Collected data entries
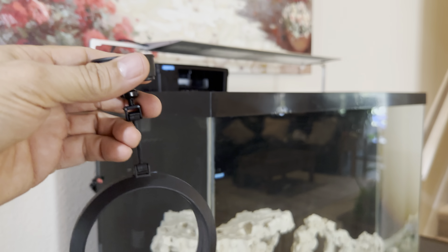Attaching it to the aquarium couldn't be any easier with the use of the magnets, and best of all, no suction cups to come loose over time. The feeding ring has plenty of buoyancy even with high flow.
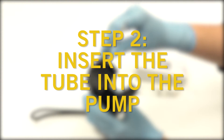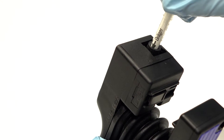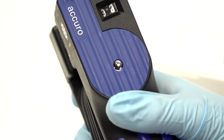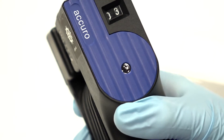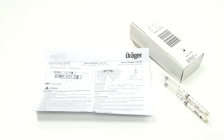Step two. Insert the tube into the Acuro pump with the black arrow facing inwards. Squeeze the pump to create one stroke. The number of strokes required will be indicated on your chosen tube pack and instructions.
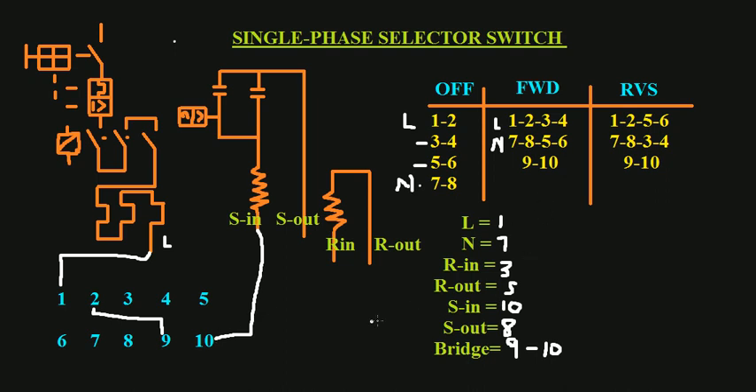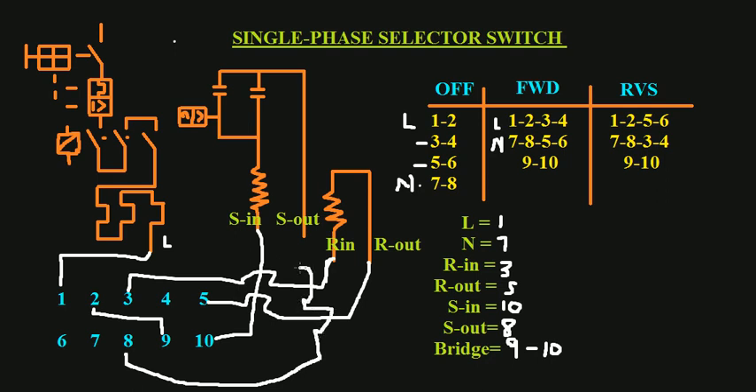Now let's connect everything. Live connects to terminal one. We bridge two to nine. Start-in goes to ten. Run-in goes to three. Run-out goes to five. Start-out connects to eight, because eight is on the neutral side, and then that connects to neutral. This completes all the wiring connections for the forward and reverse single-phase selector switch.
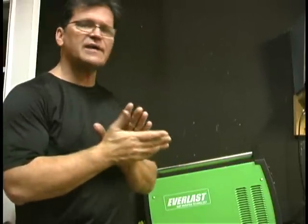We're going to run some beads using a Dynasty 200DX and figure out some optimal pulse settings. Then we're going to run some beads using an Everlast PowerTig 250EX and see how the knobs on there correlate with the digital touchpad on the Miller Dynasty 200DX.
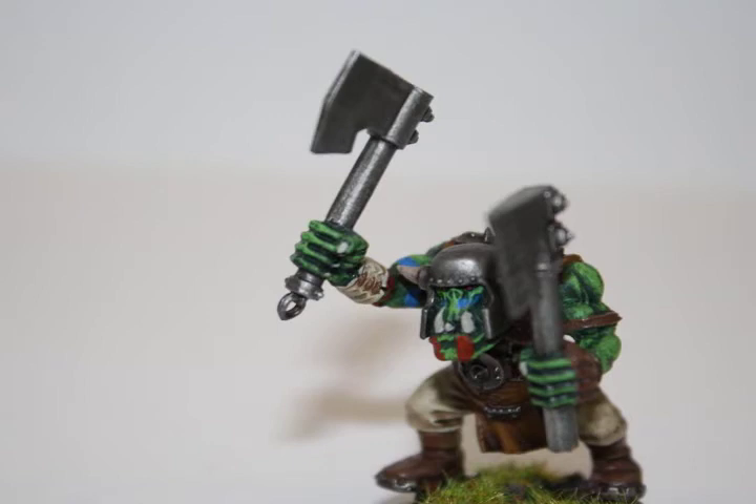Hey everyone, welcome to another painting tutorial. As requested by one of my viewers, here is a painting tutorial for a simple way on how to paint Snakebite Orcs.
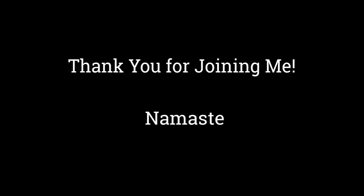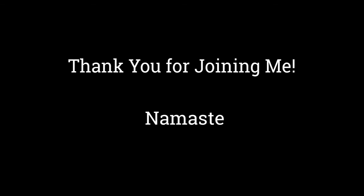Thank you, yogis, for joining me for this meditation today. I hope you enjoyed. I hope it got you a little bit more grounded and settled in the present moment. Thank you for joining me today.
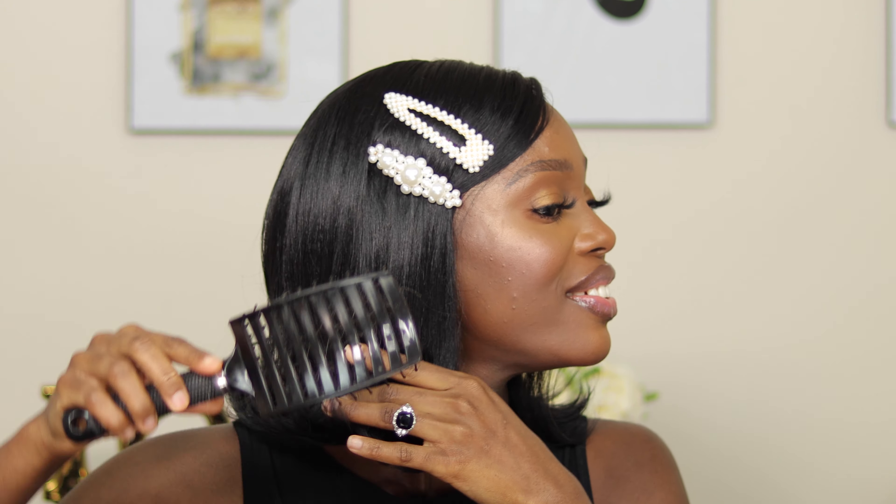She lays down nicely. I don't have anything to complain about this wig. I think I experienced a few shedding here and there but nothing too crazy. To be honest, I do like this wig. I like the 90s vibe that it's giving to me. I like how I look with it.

- **What you are asked to do**: In your copy, include no pictures, but set down every record exactly.

- **Task result**:
Attaching it to the aquarium couldn't be any easier with the use of the magnets, and best of all, no suction cups to come loose over time. The feeding ring has plenty of buoyancy even with high flow.
Step two. Insert the tube into the Acuro pump with the black arrow facing inwards. Squeeze the pump to create one stroke. The number of strokes required will be indicated on your chosen tube pack and instructions.
Now let's connect everything. Live connects to terminal one. We bridge two to nine. Start-in goes to ten. Run-in goes to three. Run-out goes to five. Start-out connects to eight, because eight is on the neutral side, and then that connects to neutral. This completes all the wiring connections for the forward and reverse single-phase selector switch.
We're going to run some beads using a Dynasty 200DX and figure out some optimal pulse settings. Then we're going to run some beads using an Everlast PowerTig 250EX and see how the knobs on there correlate with the digital touchpad on the Miller Dynasty 200DX.
Hey everyone, welcome to another painting tutorial. As requested by one of my viewers, here is a painting tutorial for a simple way on how to paint Snakebite Orcs.
Thank you, yogis, for joining me for this meditation today. I hope you enjoyed. I hope it got you a little bit more grounded and settled in the present moment. Thank you for joining me today.
She lays down nicely. I don't have anything to complain about this wig. I think I experienced a few shedding here and there but nothing too crazy. To be honest, I do like this wig. I like the 90s vibe that it's giving to me. I like how I look with it.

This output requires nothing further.